- Exercise brief:
Without any of the pictures, transcribe all the lines below exactly.

- Exercise materials:
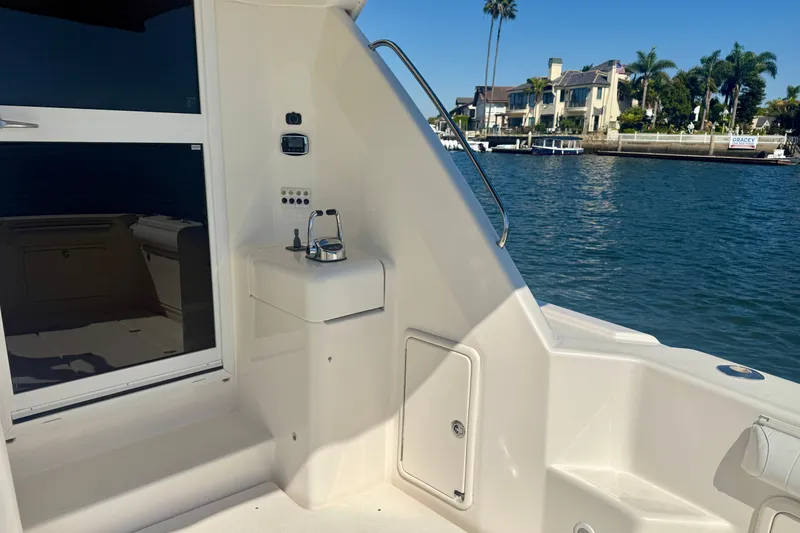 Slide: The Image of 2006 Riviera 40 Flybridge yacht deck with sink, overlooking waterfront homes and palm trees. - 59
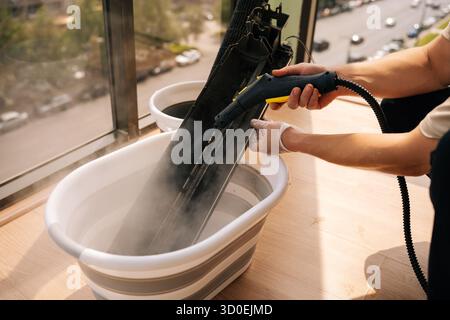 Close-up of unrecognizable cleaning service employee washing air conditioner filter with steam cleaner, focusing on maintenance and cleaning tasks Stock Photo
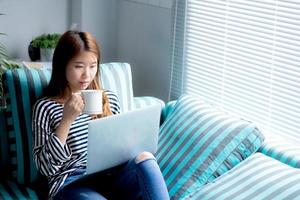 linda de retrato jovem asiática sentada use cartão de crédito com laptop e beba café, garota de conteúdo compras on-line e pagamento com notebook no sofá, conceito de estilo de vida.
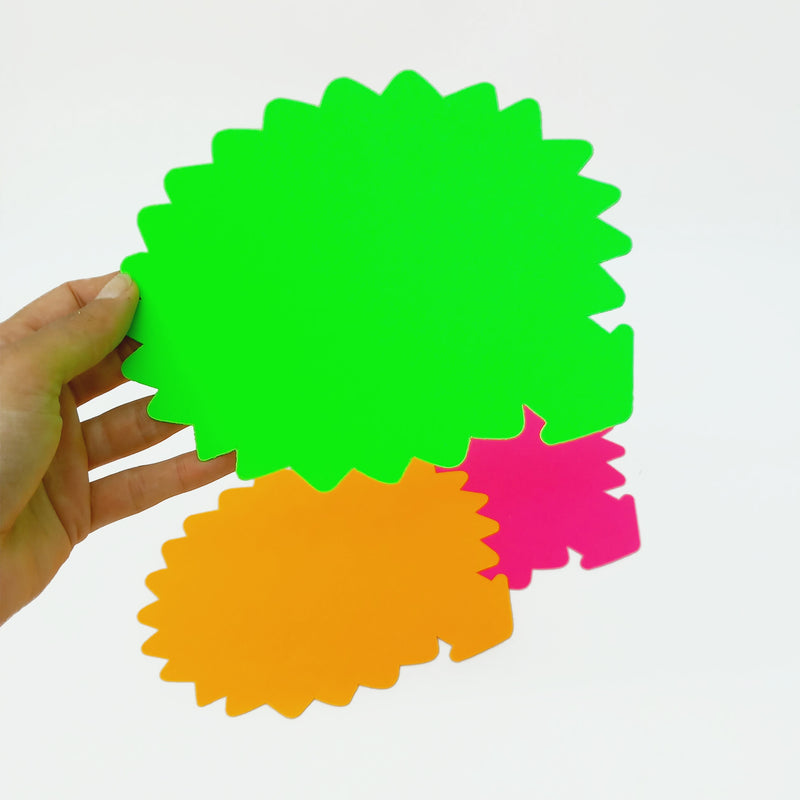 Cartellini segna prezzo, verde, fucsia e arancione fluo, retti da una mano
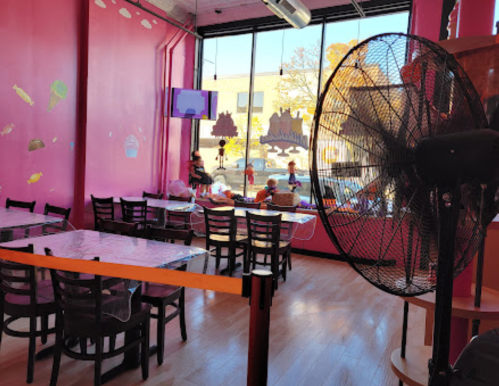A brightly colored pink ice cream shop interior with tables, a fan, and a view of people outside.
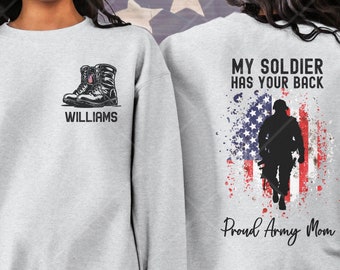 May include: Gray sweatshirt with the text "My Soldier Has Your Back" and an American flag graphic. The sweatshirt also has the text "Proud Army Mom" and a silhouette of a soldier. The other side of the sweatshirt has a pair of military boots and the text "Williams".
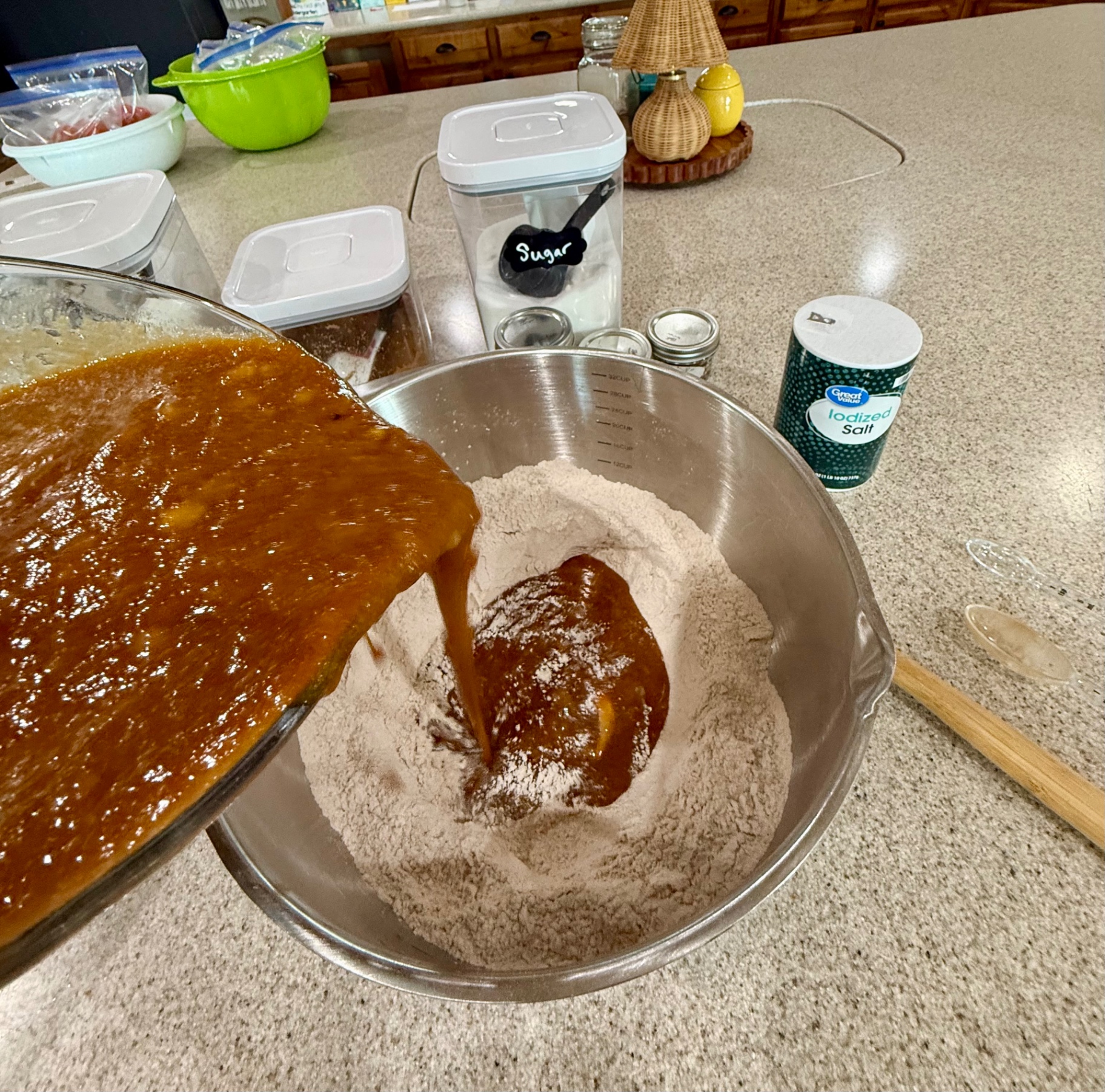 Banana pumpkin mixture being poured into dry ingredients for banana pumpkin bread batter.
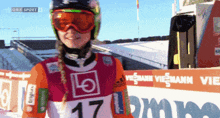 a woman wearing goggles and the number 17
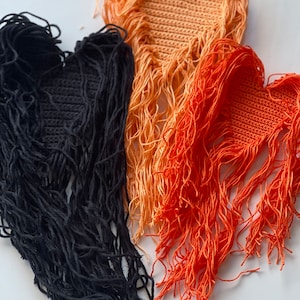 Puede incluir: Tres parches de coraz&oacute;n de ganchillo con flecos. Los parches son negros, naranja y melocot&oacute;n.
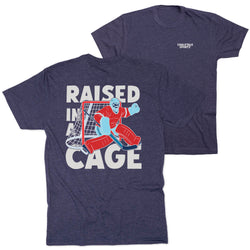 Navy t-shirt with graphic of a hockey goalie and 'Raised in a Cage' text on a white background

- Response to the exercise:
 Slide: The Image of 2006 Riviera 40 Flybridge yacht deck with sink, overlooking waterfront homes and palm trees. - 59
 Close-up of unrecognizable cleaning service employee washing air conditioner filter with steam cleaner, focusing on maintenance and cleaning tasks Stock Photo
 linda de retrato jovem asiática sentada use cartão de crédito com laptop e beba café, garota de conteúdo compras on-line e pagamento com notebook no sofá, conceito de estilo de vida.
 Cartellini segna prezzo, verde, fucsia e arancione fluo, retti da una mano
A brightly colored pink ice cream shop interior with tables, a fan, and a view of people outside.
 May include: Gray sweatshirt with the text "My Soldier Has Your Back" and an American flag graphic. The sweatshirt also has the text "Proud Army Mom" and a silhouette of a soldier. The other side of the sweatshirt has a pair of military boots and the text "Williams".
 Banana pumpkin mixture being poured into dry ingredients for banana pumpkin bread batter.
 a woman wearing goggles and the number 17
 Puede incluir: Tres parches de coraz&oacute;n de ganchillo con flecos. Los parches son negros, naranja y melocot&oacute;n.
 Navy t-shirt with graphic of a hockey goalie and 'Raised in a Cage' text on a white background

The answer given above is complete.